** Assignment **
Give back all of the data exactly as it stands, with the pictures removed.

** Provided data follows **

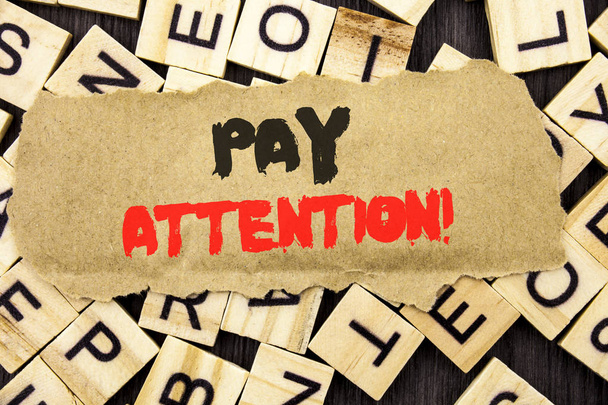 Handwriting Announcement text showing Pay Attention. Concept meaning Be Careful Beware Mindful Alarm written on tear paper note on the letter and wood background. - Photo, Image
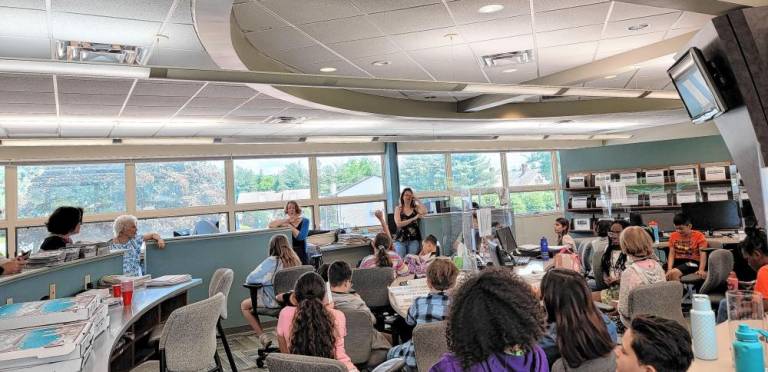 North Main Newspaper Club visits The Photo News headquarters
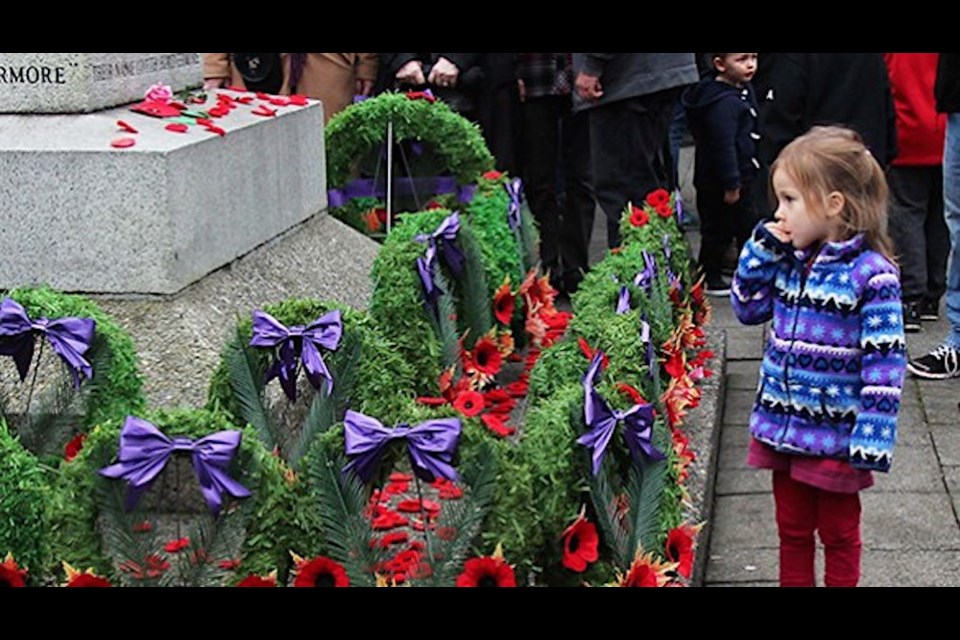 A child remembers veterans at the Port Coquitlam cenotaph in this file photo by Mary Ness.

** End of Provided data **

** Written response **
 Handwriting Announcement text showing Pay Attention. Concept meaning Be Careful Beware Mindful Alarm written on tear paper note on the letter and wood background. - Photo, Image
 North Main Newspaper Club visits The Photo News headquarters
 A child remembers veterans at the Port Coquitlam cenotaph in this file photo by Mary Ness.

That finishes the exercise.